Research measuring the effort of climate change on bees suggests they are only half as likely to be found in areas where they were once common.
“Things are just getting way too hot for them in a lot of places, too frequently in the year,” said Peter Soroye, a biologist at the University of Ottawa.
Bees are crucial to agriculture. The United Nations says about one-third of the world’s crops depend on pollinators.
Bees have faced a series of threats for years, including habitat loss, parasites and pesticide use. One 2011 study found that wild bumblebee species had declined by up to 96 per cent and their ranges had contracted by at least one-quarter.
Climate change is also a factor. Soroye and his colleagues, whose research was published Thursday in the journal Science, wanted to tease out its part in the bees’ decline.
Although global warming is usually reported in terms of average degrees per year, climatologists say that’s not how it’s actually experienced. What usually happens is a period of extreme weather.
That’s what hurts the bees, Soroye said.
“Temperatures getting a little hotter every year, most species can probably tolerate that,” he said. ”But when you get a week of 40-plus (Celsius) temperatures, this is something that’s really difficult for bumblebees to tolerate.”
Using almost a century’s worth of records and data on 66 bumblebee species from more than half a million locations, the researchers showed a clear correlation — separate from land use or pesticides — between bee population surveys and weather that exceeded their tolerance.
They found a powerful link between population decline and what the paper calls “climate chaos.”
“Eureka moments don’t usually happen,” said co-author Jeremy Kerr, a University of Ottawa professor. ”Usually you see something in your data and you squint a little bit and then you say, ‘That’s strange.’ But this time, everything you could think of totally worked.”
The paper concludes that climate change in North America has resulted in a 50-50 chance that a meadow or a vacant lot that was loud with bees just a generation or two ago still has them.

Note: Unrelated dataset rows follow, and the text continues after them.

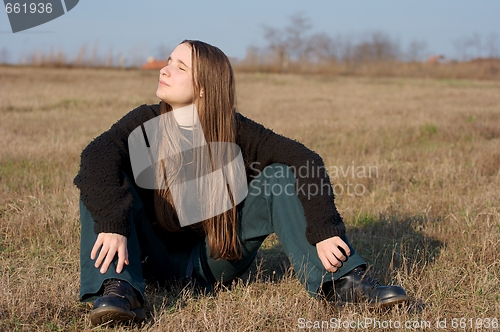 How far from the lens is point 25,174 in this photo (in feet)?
17.1

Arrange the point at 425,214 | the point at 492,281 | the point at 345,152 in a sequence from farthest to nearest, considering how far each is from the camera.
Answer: the point at 345,152 → the point at 425,214 → the point at 492,281

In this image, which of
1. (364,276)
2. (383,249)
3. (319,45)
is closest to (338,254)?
(364,276)

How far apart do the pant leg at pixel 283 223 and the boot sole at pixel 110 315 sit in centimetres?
64

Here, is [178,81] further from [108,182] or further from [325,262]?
[325,262]

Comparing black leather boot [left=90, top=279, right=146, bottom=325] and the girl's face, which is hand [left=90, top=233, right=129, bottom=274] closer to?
black leather boot [left=90, top=279, right=146, bottom=325]

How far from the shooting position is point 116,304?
216 centimetres

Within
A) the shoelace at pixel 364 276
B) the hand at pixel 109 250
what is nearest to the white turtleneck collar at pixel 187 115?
the hand at pixel 109 250

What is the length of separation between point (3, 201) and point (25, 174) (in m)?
1.00

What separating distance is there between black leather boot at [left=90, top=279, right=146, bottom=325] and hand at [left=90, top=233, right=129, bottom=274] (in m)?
0.07

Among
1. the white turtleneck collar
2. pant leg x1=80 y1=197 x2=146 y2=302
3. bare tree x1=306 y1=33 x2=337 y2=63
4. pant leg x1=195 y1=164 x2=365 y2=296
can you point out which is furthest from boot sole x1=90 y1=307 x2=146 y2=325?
bare tree x1=306 y1=33 x2=337 y2=63

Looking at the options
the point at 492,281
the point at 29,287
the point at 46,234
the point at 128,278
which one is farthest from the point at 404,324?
the point at 46,234

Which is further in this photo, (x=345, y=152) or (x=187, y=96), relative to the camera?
(x=345, y=152)

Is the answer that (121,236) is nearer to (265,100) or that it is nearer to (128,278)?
(128,278)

The paper also says their risk of extinction has increased.
Not all changes are losses. Soroye said some areas benefited from the warmer weather and increased their bee numbers.
But the overall trend was down, he said.
Kerr said correlating populations with weather data could be useful to help understand the declining numbers of many other species, especially birds for which long records are available.
“The premise is intended to be transferable. We didn’t build the premise for bumblebees. We built it for any kind of species.”
Not all animals are necessarily in decline from climate change. Butterflies, for example, might not be bothered by hot spells.
“They originated in tropical conditions and they may have greater capacity to tolerate hot weather,” Kerr said.
But the reason for any changes would remain the same — climate.
“These principles are applicable everywhere,” Soroye said. ”We have yet to test that, but that’s what we think.”
Kerr said the study has the added benefit of being immediately useful to beekeepers or wildlife managers.
“If we can manage our habitats to maintain things like microclimates, little habitat buffers like a hedgerow, it has the same effect as putting a shade tree in your backyard on a hot day,” he said. ”You can go sit in the shade and so can a bumblebee.”